The Virginian-Pilot and The Ledger-Star, Norfolk, VA – July 6, 2008
By Ethan Bronner
The New York Times
JERUSALEM
A 3-foot-tall tablet with 87 lines of Hebrew that scholars believe dates from the decades just before the birth of Jesus is causing a quiet stir in biblical and archaeological circles. Apparently, it may speak of a messiah who will rise from the dead after three days.
If such a messianic description really is there, it will contribute to a developing re-evaluation of both popular and scholarly views of Jesus, because it suggests that the story of his death and resurrection was not unique but part of a recognized Jewish tradition at the time.
The tablet, probably found near the Dead Sea in Jordan according to some scholars who have studied it, is a rare example of a stone with ink writings from that era – in essence, a Dead Sea Scroll on stone.

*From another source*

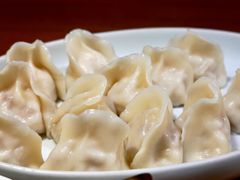 酸菜油滋了水饺-喜鼎海胆水饺(朝阳区三里屯太古里北区店)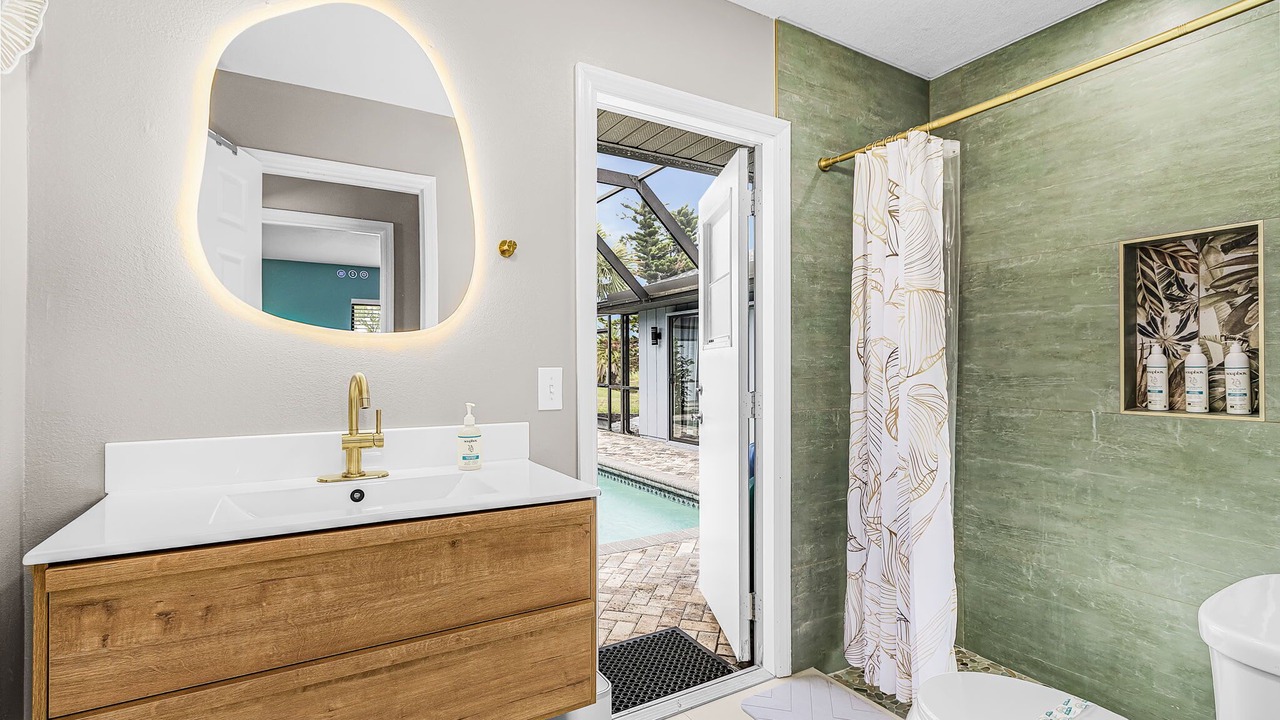 Photo of Bathroom in Pebble Beach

It is written, not engraved, across two neat columns, similar to columns in a Torah. But the stone is broken and some of the text is faded, meaning that much of what it says is open to debate.
Daniel Boyarin, a professor of Talmudic culture at the University of California at Berkeley, said that the stone was part of a growing body of evidence suggesting that Jesus could be best understood through a close reading of the Jewish history of his day.

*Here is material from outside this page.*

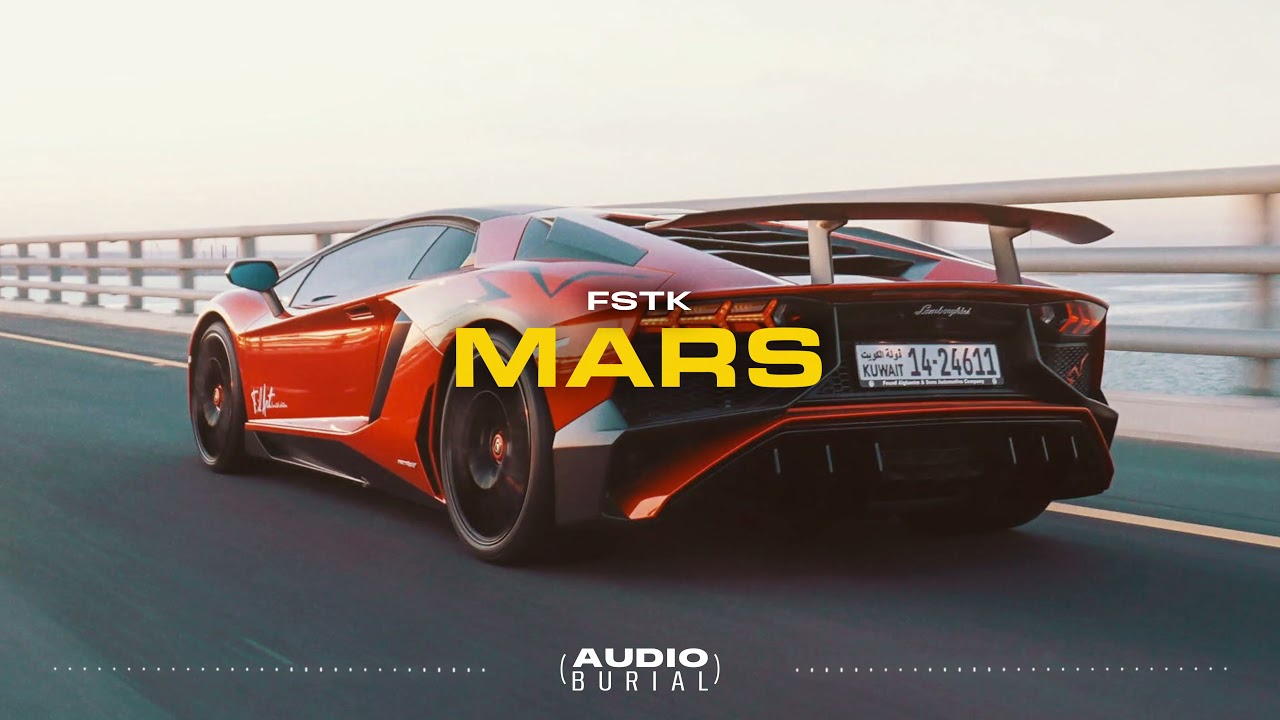 FSTK "Mars" 🌖 | Audio Burial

“Some Christians will find it shocking – a challenge to the uniqueness of their theology – while others will be comforted by the idea of it being a traditional part of Judaism,” Boyarin said.

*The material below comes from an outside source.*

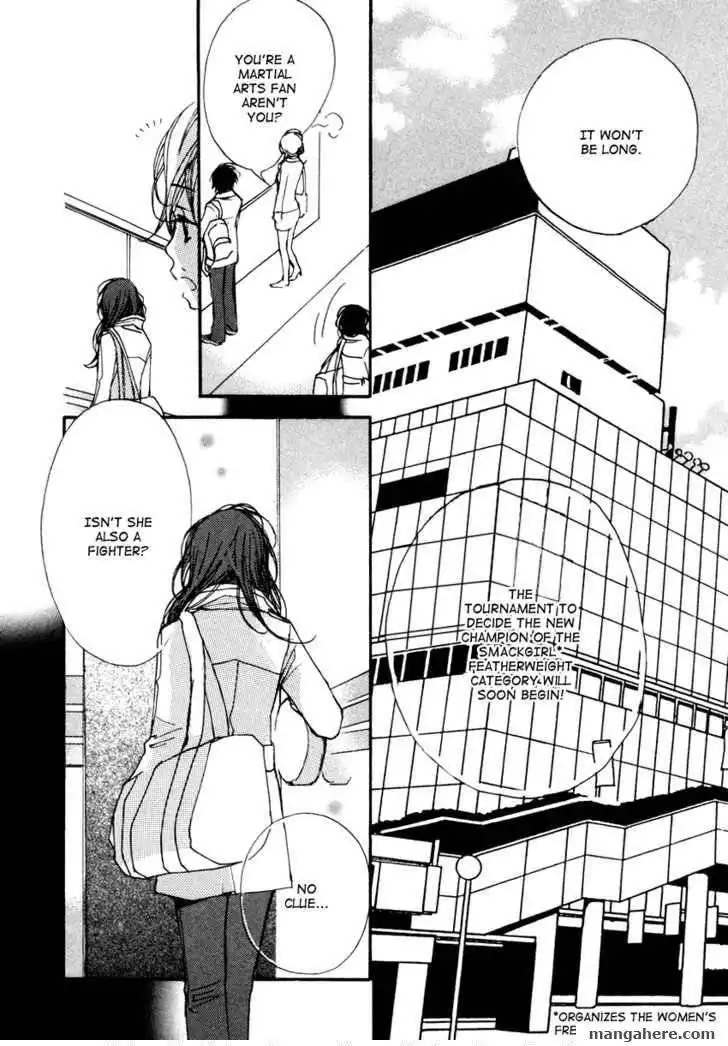 Kanojoiro no Kanojo Chapter 8 10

Given the highly charged atmosphere surrounding all Jesus-era artifacts and writings, both in the general public and in the fractured and fiercely competitive scholarly community – as well as the concern over forgery and charlatanism – it will probably be some time before the tablet’s contribution is fully assessed. It has been 60 years since the Dead Sea Scrolls were uncovered, and they continue to generate enormous controversy regarding their authors and meaning.
The scrolls contain some of the only known surviving copies of biblical writings from before the first century A.D.
A conference marking 60 years since the discovery of the scrolls begins today at the Israel Museum in Jerusalem.
The stone, as well as the scholarly debate over whether it speaks of a resurrected messiah, as one iconoclastic scholar believes, also will be discussed.
Christianity’s roots
The tablet’s authenticity has so far faced no challenge, so its role in helping to understand the roots of Christianity in the political crisis faced by the Jews of the time seems likely to grow.